EXTRACTED INFORMATION —
Segment Open

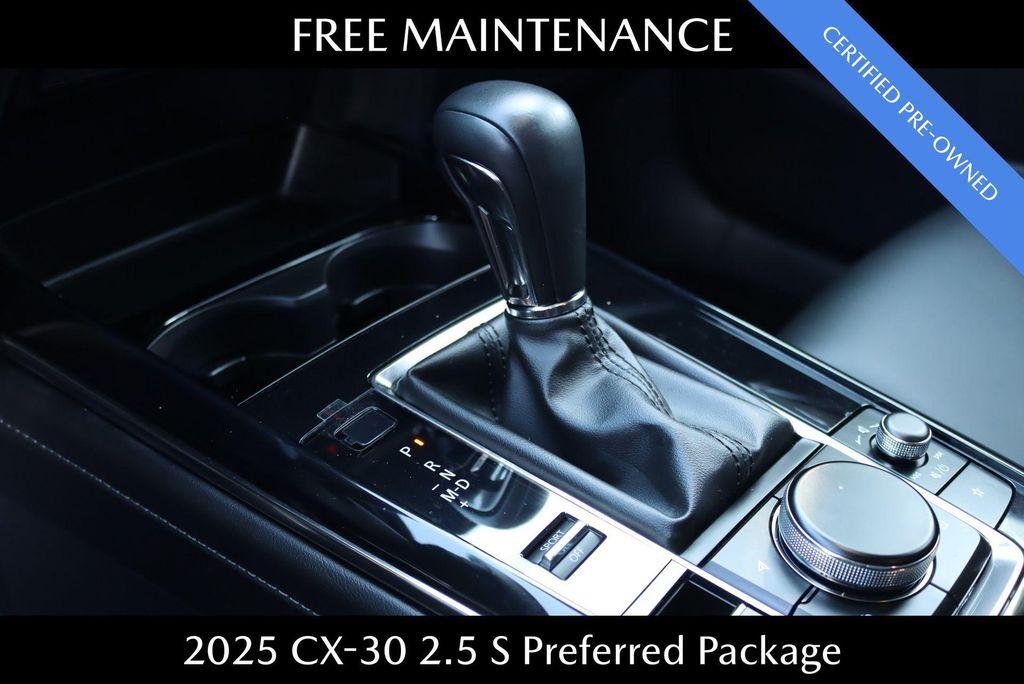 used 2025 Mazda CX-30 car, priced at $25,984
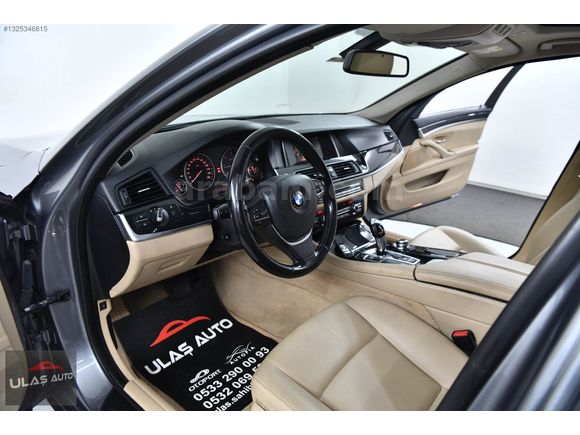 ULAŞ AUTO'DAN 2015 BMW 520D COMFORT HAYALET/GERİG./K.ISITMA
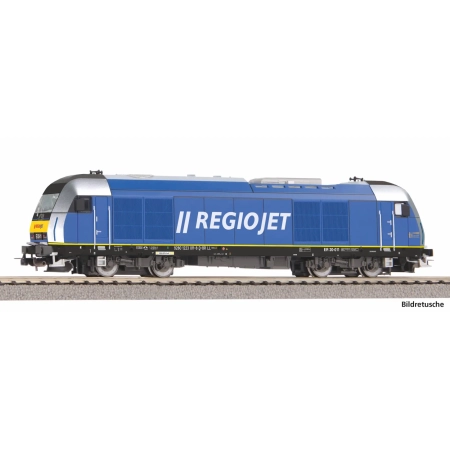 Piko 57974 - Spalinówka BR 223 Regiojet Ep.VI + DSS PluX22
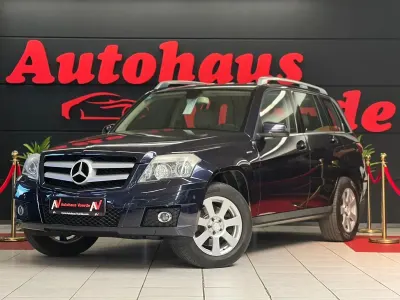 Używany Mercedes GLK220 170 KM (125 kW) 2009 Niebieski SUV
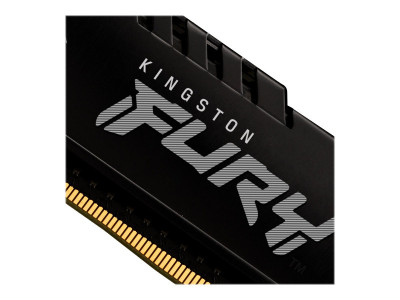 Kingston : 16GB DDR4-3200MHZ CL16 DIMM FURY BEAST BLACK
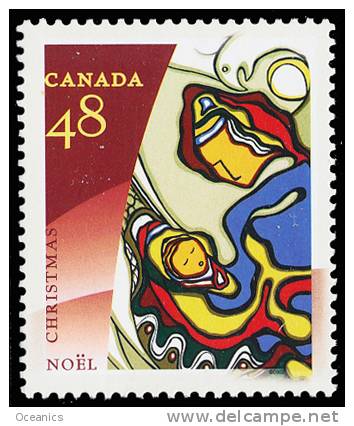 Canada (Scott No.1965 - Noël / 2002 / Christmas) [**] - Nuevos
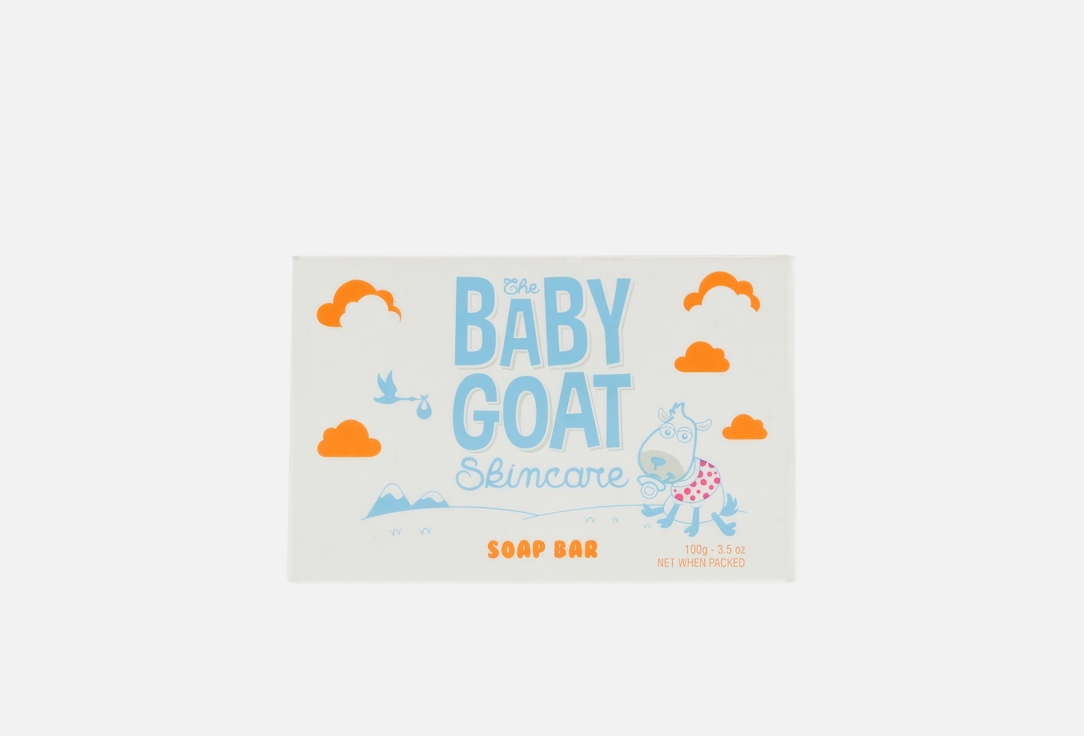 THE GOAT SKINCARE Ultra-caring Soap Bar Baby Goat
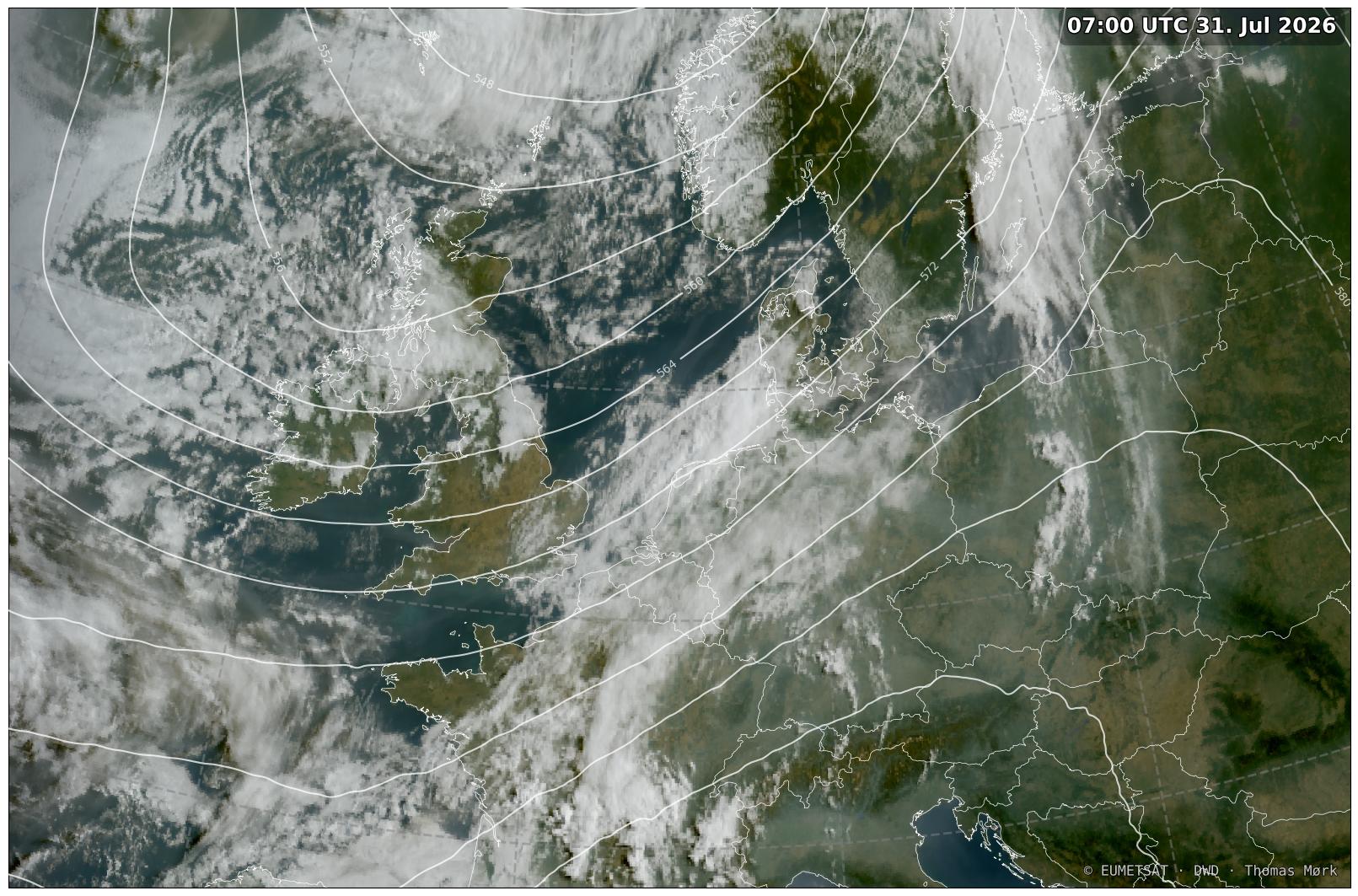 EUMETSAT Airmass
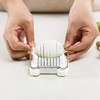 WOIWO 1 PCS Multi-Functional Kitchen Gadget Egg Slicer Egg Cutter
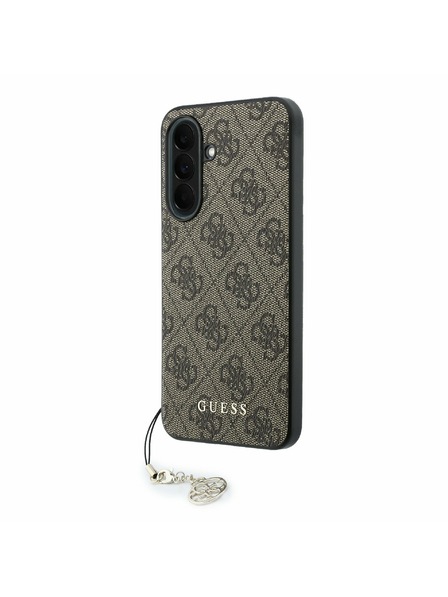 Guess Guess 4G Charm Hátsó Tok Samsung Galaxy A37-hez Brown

Segment Closed

WORK TASK —
Every entry must be written out exactly, with all pictures left out.

EXERCISE ANSWER —
 used 2025 Mazda CX-30 car, priced at $25,984
 ULAŞ AUTO'DAN 2015 BMW 520D COMFORT HAYALET/GERİG./K.ISITMA
 Piko 57974 - Spalinówka BR 223 Regiojet Ep.VI + DSS PluX22
 Używany Mercedes GLK220 170 KM (125 kW) 2009 Niebieski SUV
 Kingston : 16GB DDR4-3200MHZ CL16 DIMM FURY BEAST BLACK
 Canada (Scott No.1965 - Noël / 2002 / Christmas) [**] - Nuevos
 THE GOAT SKINCARE Ultra-caring Soap Bar Baby Goat
 EUMETSAT Airmass
 WOIWO 1 PCS Multi-Functional Kitchen Gadget Egg Slicer Egg Cutter
 Guess Guess 4G Charm Hátsó Tok Samsung Galaxy A37-hez Brown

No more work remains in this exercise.